AIM OF THE TASK
Print word for word whatever lies between the first line of the material and the line holding "Antique Wooden Horse", both included, and omit all pictures.

-------- DATASET EXTRACT --------

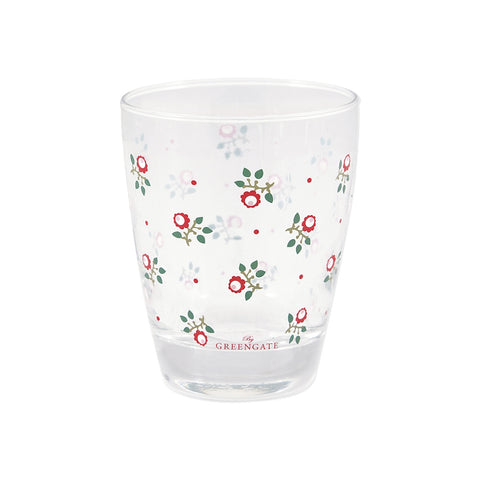 GREENGATE Set of 6 water glasses ABI with red flowers transparent glass 300ml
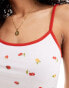 ASOS DESIGN fruit print cami top in white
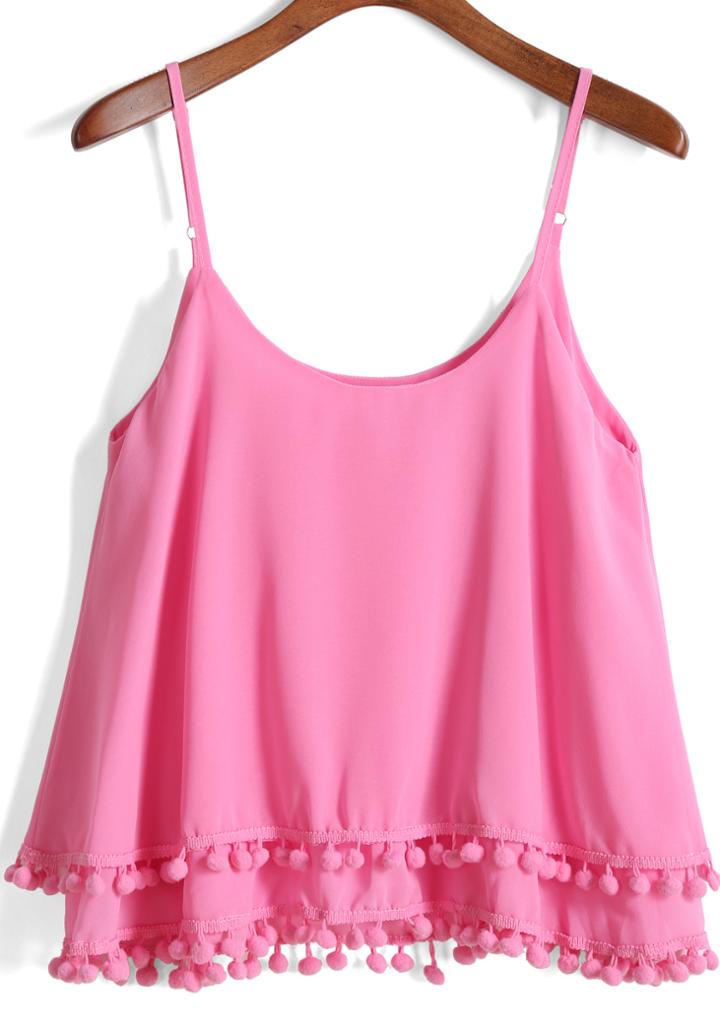 Romwe Spaghetti Strap With Ball Pink Cami Top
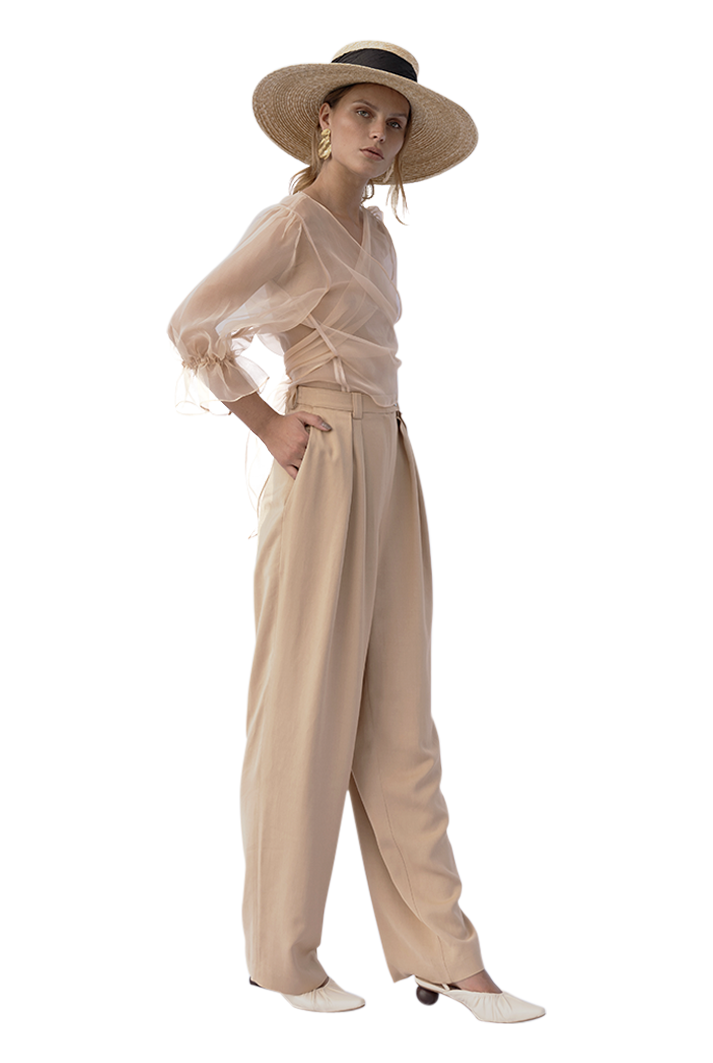 Ella Organza Puff Sleeve Top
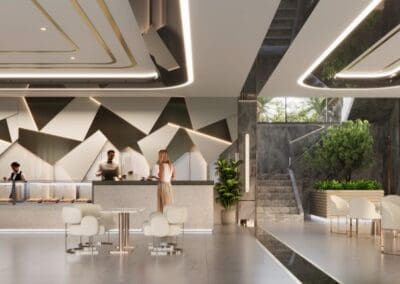 Modern recepcia v apartmáne s elegantným dizajnom a veľkými oknami.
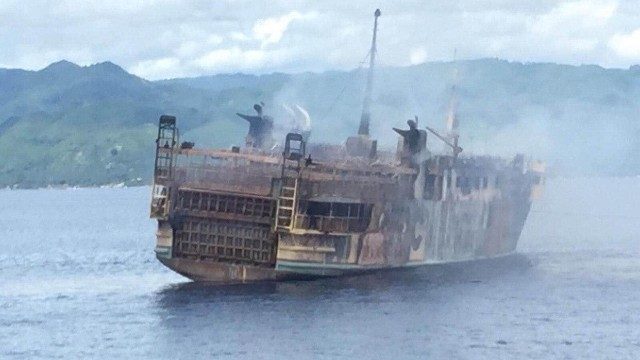 45 crew members rescued from burning ship off Cebu coast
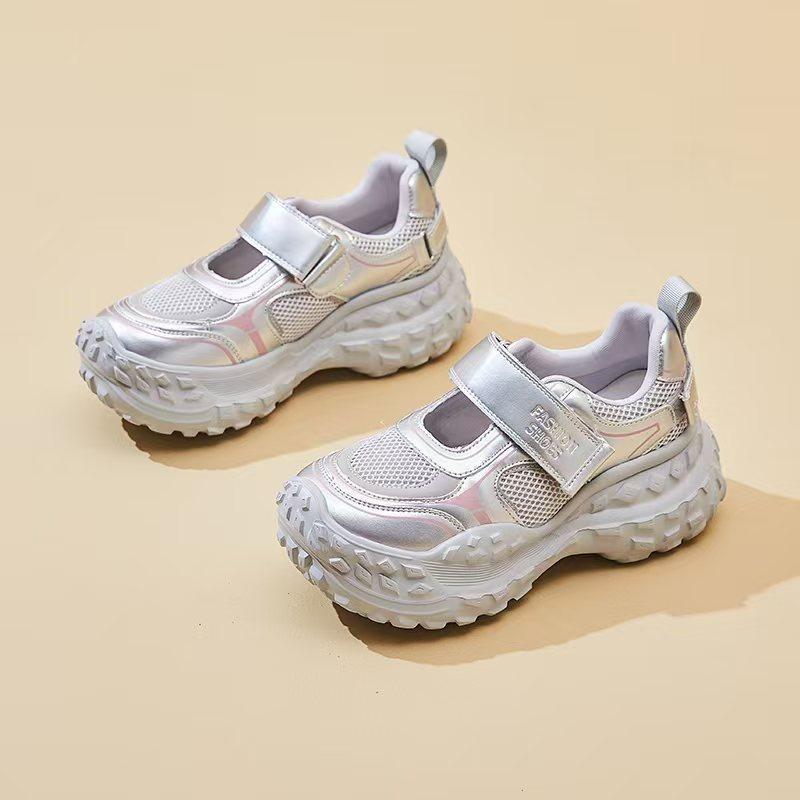 

Velcro sports sandals women s new summer breathable small thick-soled heightening hollow dad shoes 35 серебряный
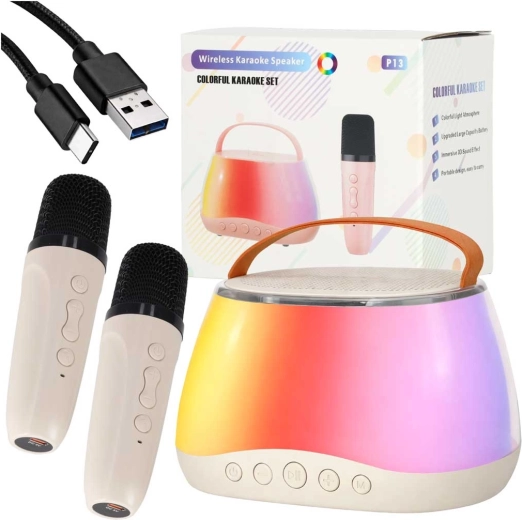 Karaoke set s bluetooth reproduktorem, LED RGB a dvěma bezdrátovými mikrofony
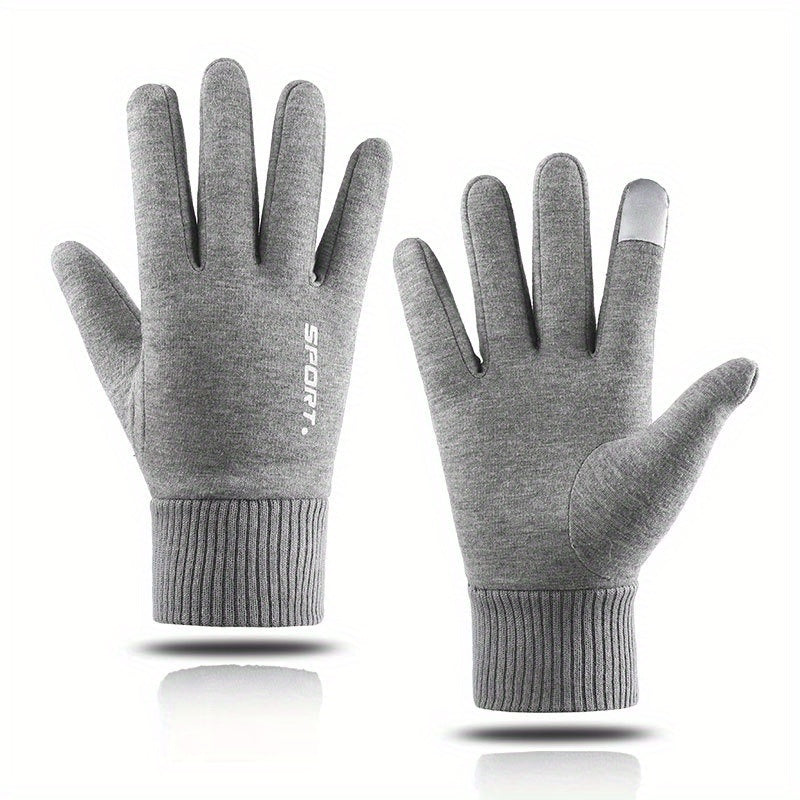 Winter Plush Knitted Gloves Touchable Windproof Cycling Gloves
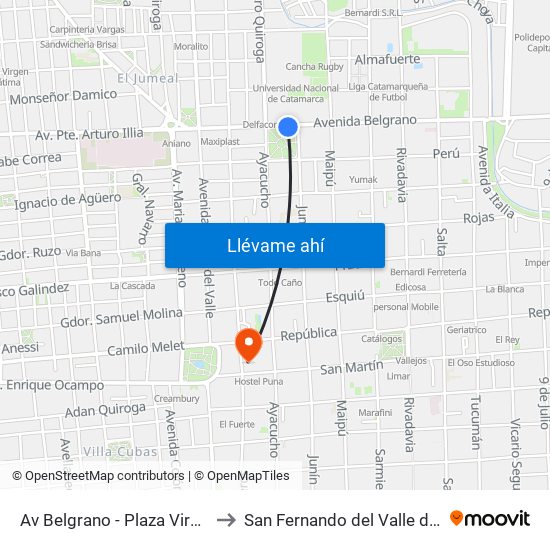 Av Belgrano -  Plaza Virgen Del Valle to San Fernando del Valle de Catamarca map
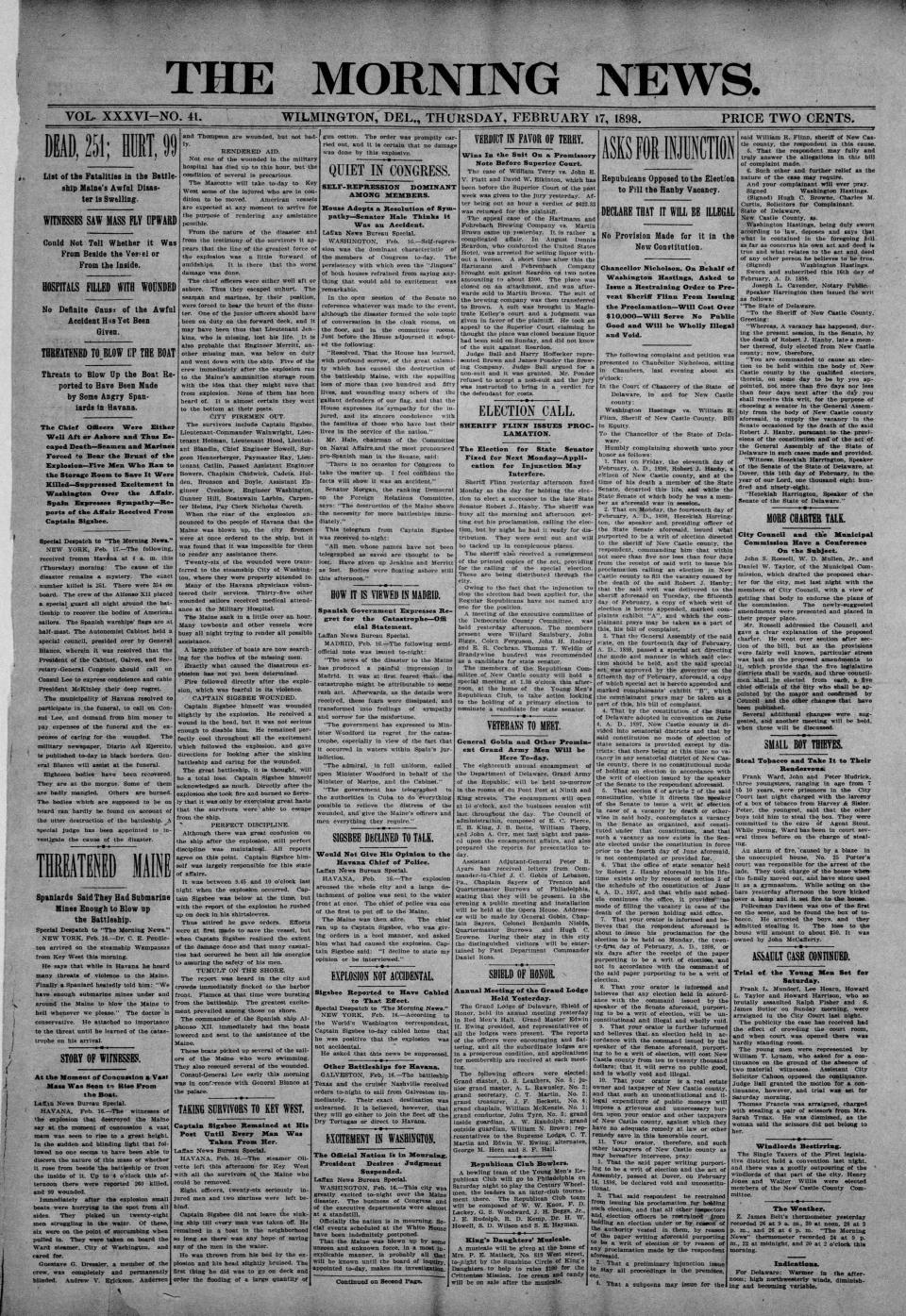 Front page of The Morning News from Feb. 17, 1898.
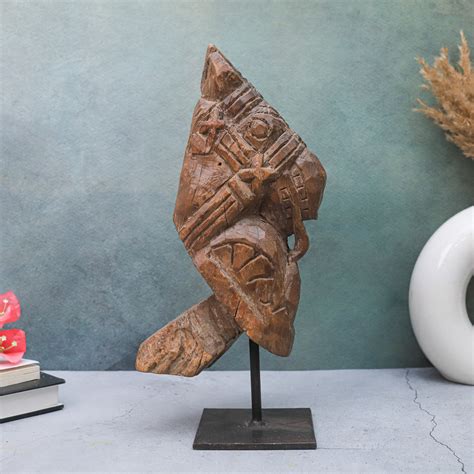 Antique Wooden Horse Head On A Stand – The Advitya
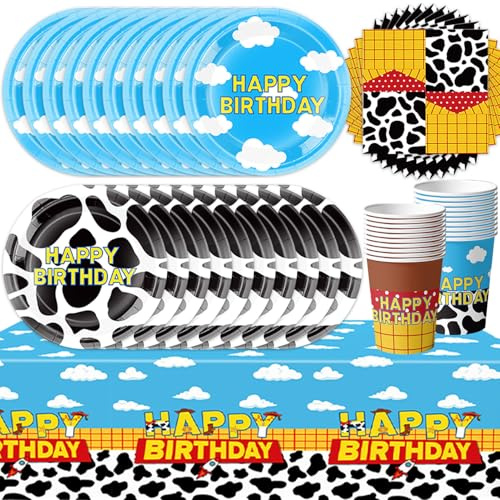 Lot de 61 décorations d'anniversaire de dessin animé, fournitures de fête pour enfants, décorations de fête pour garçons et filles, y compris assiettes, gobelets en carton, serviettes, nappes, baptême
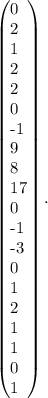 \left(\begin{array}{}0&2&1&2&2\\0&-1&9&8&17\\0&-1&-3&0&1\\2&1&1&0&1\end{array}\right) .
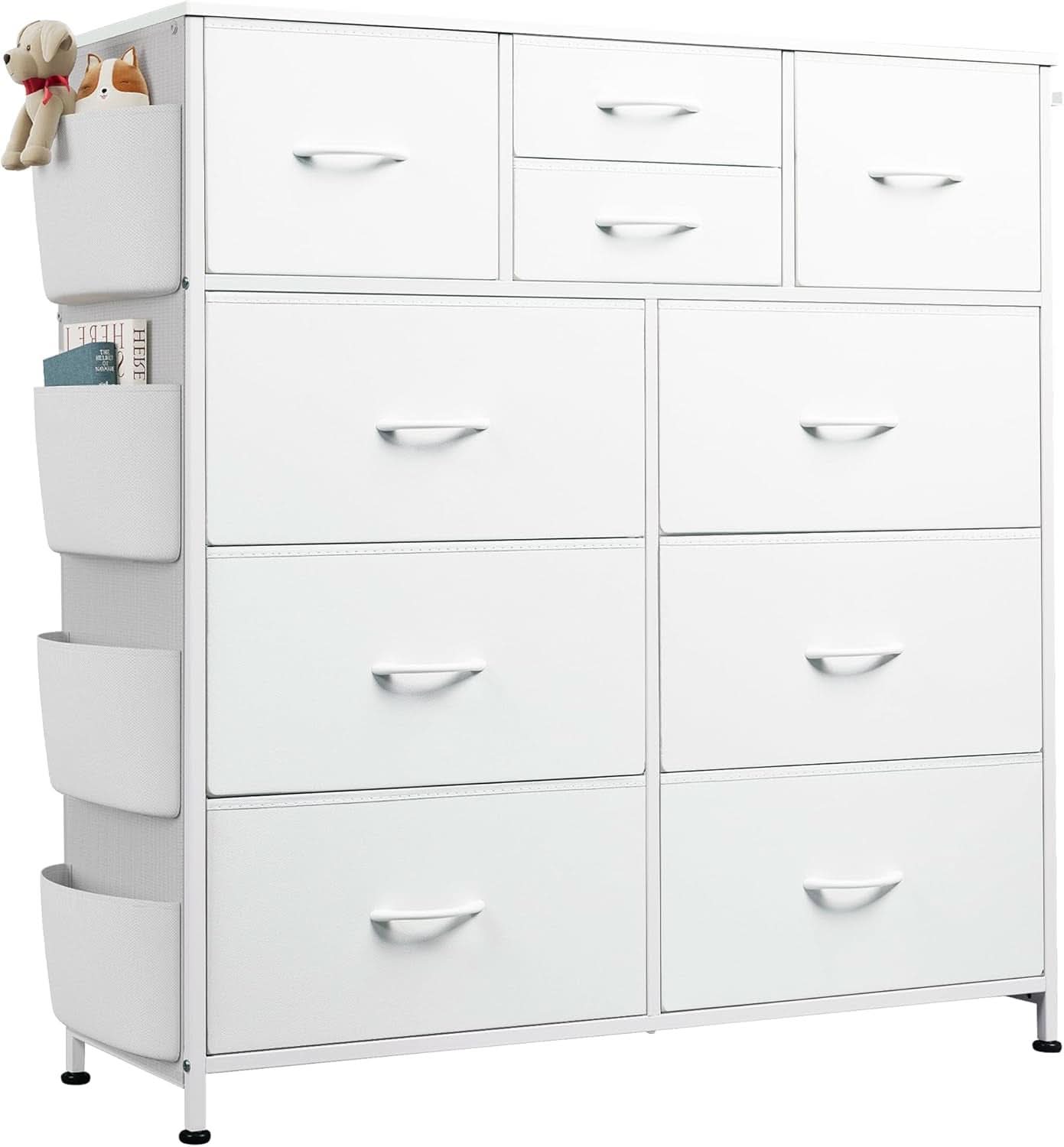 White Dresser 10 Drawer Storage Chest With Metal Frame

--------

PROBLEM SOLUTION
 GREENGATE Set of 6 water glasses ABI with red flowers transparent glass 300ml
 ASOS DESIGN fruit print cami top in white
 Romwe Spaghetti Strap With Ball Pink Cami Top
 Ella Organza Puff Sleeve Top
 Modern recepcia v apartmáne s elegantným dizajnom a veľkými oknami.
 45 crew members rescued from burning ship off Cebu coast

Velcro sports sandals women s new summer breathable small thick-soled heightening hollow dad shoes 35 серебряный
 Karaoke set s bluetooth reproduktorem, LED RGB a dvěma bezdrátovými mikrofony
 Winter Plush Knitted Gloves Touchable Windproof Cycling Gloves
 Av Belgrano -  Plaza Virgen Del Valle to San Fernando del Valle de Catamarca map
 Front page of The Morning News from Feb. 17, 1898.
 Antique Wooden Horse Head On A Stand – The Advitya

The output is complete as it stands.